→ **TASK DIRECTIONS**:
In the entries below, find the line with "Maroon Printed Rayon A-Line Kurti - Libas" and the line with "Perfee Tie Front"; give again those lines and every line between them, exactly.

→ **DATASET RECORDS**:
[Start of Attachment]

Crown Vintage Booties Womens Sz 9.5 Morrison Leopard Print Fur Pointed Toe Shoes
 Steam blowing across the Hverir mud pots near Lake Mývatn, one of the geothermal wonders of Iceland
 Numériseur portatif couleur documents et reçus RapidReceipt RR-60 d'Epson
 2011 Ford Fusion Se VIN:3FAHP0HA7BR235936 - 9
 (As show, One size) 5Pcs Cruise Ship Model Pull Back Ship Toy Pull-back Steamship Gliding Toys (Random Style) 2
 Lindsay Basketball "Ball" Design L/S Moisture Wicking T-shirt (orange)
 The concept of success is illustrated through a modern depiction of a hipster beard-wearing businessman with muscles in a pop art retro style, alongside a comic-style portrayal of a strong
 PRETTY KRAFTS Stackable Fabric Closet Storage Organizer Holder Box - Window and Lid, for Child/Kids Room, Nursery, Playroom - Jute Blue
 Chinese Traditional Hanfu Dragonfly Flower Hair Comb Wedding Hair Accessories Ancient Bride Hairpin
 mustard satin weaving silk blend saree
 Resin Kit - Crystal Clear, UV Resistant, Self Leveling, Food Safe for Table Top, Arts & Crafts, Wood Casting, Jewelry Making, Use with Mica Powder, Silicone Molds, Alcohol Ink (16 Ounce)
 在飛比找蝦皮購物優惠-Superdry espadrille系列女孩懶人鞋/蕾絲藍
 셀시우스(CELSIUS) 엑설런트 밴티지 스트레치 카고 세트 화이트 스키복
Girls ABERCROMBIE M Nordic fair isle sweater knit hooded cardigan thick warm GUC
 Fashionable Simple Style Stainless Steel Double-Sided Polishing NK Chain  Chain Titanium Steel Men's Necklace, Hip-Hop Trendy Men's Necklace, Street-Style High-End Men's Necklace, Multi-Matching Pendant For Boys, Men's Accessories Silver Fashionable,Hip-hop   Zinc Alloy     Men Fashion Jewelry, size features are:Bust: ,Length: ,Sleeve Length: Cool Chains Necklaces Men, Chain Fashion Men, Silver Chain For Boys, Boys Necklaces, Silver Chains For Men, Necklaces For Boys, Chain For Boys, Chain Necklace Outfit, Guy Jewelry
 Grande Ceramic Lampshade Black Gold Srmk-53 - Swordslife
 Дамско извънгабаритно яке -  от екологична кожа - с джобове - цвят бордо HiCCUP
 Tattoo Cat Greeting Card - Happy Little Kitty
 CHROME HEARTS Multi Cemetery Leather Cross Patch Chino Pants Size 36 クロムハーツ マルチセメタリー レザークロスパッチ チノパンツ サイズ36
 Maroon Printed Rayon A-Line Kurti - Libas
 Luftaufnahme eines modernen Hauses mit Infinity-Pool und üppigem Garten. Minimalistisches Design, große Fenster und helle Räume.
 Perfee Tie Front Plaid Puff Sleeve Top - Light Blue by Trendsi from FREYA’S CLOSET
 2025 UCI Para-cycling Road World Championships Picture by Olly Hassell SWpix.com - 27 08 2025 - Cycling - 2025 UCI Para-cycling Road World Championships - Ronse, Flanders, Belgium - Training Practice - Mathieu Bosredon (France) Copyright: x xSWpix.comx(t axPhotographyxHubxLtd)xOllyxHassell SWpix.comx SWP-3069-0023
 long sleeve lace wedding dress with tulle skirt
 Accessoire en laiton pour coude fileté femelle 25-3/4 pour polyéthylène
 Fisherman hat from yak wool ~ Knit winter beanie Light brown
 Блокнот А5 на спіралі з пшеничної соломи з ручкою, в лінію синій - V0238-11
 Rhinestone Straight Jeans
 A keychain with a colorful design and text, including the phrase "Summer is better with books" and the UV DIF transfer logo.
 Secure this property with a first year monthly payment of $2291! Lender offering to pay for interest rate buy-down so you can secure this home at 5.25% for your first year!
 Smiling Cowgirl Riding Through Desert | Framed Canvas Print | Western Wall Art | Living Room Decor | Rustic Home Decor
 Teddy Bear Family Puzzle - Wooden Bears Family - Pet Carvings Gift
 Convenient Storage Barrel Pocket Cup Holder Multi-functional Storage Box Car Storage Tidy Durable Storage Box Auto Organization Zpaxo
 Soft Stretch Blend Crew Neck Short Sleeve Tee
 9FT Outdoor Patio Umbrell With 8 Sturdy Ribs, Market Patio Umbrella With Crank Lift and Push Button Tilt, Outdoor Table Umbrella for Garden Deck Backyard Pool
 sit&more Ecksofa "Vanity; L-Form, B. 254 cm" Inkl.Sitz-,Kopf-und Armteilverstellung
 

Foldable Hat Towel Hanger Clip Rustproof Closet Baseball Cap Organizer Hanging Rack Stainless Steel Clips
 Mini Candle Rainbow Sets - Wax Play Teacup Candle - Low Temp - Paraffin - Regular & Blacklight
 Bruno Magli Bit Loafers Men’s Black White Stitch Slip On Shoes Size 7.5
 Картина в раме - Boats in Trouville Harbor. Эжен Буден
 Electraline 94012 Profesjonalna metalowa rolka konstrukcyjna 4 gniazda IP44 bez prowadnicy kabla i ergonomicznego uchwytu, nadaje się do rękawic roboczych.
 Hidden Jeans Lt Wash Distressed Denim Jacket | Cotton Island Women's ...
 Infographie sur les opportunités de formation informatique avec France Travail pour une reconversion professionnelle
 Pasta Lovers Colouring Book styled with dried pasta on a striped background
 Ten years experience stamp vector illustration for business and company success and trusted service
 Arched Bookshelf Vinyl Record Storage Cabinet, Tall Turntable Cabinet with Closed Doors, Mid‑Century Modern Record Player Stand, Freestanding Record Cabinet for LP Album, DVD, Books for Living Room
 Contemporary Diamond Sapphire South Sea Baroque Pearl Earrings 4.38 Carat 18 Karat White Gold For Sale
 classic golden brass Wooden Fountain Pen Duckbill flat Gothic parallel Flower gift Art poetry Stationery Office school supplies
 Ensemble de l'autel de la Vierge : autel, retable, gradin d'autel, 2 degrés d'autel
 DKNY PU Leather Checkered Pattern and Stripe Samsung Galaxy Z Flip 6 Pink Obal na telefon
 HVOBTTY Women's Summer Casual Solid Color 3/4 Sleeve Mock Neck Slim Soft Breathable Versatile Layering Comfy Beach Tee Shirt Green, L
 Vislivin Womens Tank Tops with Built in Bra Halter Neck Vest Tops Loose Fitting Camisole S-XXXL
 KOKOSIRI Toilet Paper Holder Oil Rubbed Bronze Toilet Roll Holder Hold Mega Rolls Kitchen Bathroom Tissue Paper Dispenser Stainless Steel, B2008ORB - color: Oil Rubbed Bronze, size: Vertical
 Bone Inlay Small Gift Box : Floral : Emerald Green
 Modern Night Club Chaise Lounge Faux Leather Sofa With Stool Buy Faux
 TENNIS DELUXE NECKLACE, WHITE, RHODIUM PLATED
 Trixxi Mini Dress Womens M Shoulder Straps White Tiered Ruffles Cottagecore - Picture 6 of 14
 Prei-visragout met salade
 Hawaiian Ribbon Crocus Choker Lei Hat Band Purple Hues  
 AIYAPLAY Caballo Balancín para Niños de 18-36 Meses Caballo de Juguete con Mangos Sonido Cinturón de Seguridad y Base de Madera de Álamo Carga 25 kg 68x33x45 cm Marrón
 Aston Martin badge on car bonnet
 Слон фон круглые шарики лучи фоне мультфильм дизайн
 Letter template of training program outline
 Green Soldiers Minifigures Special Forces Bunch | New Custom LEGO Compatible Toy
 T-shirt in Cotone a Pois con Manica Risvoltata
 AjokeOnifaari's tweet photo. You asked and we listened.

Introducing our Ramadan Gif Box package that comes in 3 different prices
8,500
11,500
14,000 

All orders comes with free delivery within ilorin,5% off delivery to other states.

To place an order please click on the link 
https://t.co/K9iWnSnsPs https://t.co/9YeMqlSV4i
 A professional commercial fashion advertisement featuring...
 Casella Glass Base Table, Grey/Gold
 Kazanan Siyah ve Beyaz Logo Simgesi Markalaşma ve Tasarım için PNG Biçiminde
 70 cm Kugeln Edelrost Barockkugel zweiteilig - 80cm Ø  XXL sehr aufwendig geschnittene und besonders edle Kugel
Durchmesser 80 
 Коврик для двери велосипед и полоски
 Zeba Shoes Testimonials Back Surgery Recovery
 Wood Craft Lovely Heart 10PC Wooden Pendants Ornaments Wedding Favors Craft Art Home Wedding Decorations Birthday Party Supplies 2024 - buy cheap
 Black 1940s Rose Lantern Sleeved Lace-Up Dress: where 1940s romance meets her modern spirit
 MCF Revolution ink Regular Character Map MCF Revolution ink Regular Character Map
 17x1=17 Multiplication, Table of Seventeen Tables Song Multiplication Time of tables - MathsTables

[End of Attachment]

→ **EXERCISE OUTPUT**:
 Maroon Printed Rayon A-Line Kurti - Libas
 Luftaufnahme eines modernen Hauses mit Infinity-Pool und üppigem Garten. Minimalistisches Design, große Fenster und helle Räume.
 Perfee Tie Front Plaid Puff Sleeve Top - Light Blue by Trendsi from FREYA’S CLOSET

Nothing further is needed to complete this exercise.